Data under study ::

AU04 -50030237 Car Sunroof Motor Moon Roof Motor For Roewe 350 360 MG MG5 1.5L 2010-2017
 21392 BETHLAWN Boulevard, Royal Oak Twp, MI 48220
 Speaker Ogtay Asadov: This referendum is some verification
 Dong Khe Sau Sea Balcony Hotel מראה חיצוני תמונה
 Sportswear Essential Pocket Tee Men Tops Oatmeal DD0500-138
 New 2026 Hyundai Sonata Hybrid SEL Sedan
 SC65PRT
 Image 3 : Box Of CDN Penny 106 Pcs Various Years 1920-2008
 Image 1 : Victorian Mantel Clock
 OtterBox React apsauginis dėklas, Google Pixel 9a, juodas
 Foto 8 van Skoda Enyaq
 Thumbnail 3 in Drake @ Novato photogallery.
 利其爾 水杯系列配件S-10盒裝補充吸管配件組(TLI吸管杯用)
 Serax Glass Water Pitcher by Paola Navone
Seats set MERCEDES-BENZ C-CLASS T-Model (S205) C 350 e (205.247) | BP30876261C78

What you need to do :: Lines from the start of the entries through the one containing "Serax Glass Water Pitcher by Paola Navone" are to be set down again exactly, both ends included.

Solved problem ::
AU04 -50030237 Car Sunroof Motor Moon Roof Motor For Roewe 350 360 MG MG5 1.5L 2010-2017
 21392 BETHLAWN Boulevard, Royal Oak Twp, MI 48220
 Speaker Ogtay Asadov: This referendum is some verification
 Dong Khe Sau Sea Balcony Hotel מראה חיצוני תמונה
 Sportswear Essential Pocket Tee Men Tops Oatmeal DD0500-138
 New 2026 Hyundai Sonata Hybrid SEL Sedan
 SC65PRT
 Image 3 : Box Of CDN Penny 106 Pcs Various Years 1920-2008
 Image 1 : Victorian Mantel Clock
 OtterBox React apsauginis dėklas, Google Pixel 9a, juodas
 Foto 8 van Skoda Enyaq
 Thumbnail 3 in Drake @ Novato photogallery.
 利其爾 水杯系列配件S-10盒裝補充吸管配件組(TLI吸管杯用)
 Serax Glass Water Pitcher by Paola Navone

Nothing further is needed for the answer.